▶ [Task prompt]
The part below that opens with the line containing "Насіння Майорці Карусель, 0.25" and closes with the line containing "香港最厉害的10所大学排名" should be copied exactly, minus any pictures.

[Extracted records]

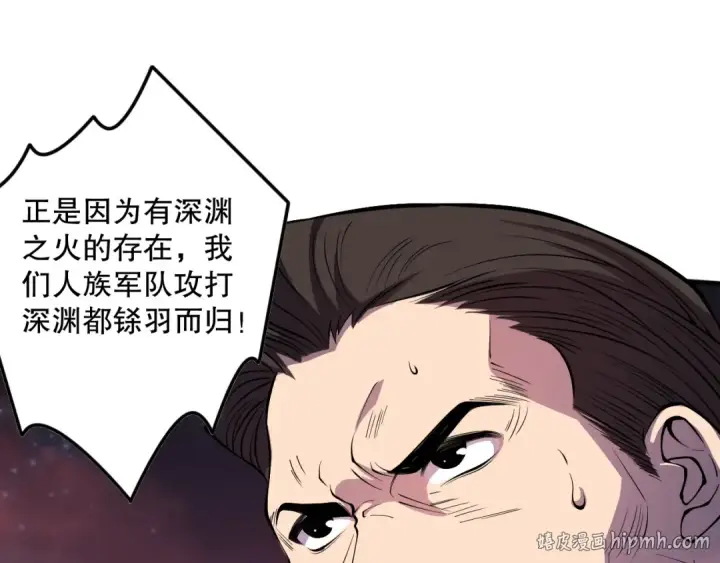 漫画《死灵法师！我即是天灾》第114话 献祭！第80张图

[/Extracted records]
[Extracted records]

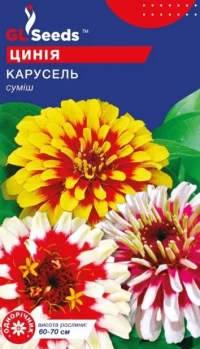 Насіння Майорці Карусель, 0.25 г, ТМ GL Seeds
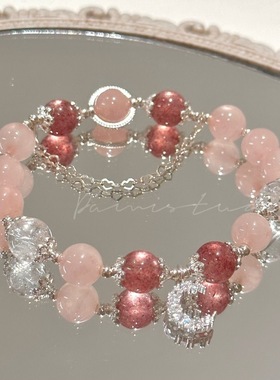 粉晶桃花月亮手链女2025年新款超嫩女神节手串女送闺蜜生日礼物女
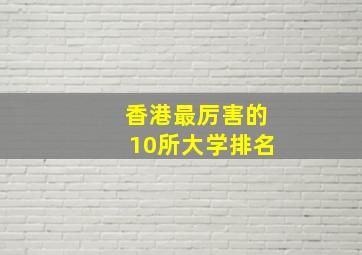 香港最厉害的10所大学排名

[/Extracted records]

▶ [Finished exercise]
 Насіння Майорці Карусель, 0.25 г, ТМ GL Seeds
 粉晶桃花月亮手链女2025年新款超嫩女神节手串女送闺蜜生日礼物女
 香港最厉害的10所大学排名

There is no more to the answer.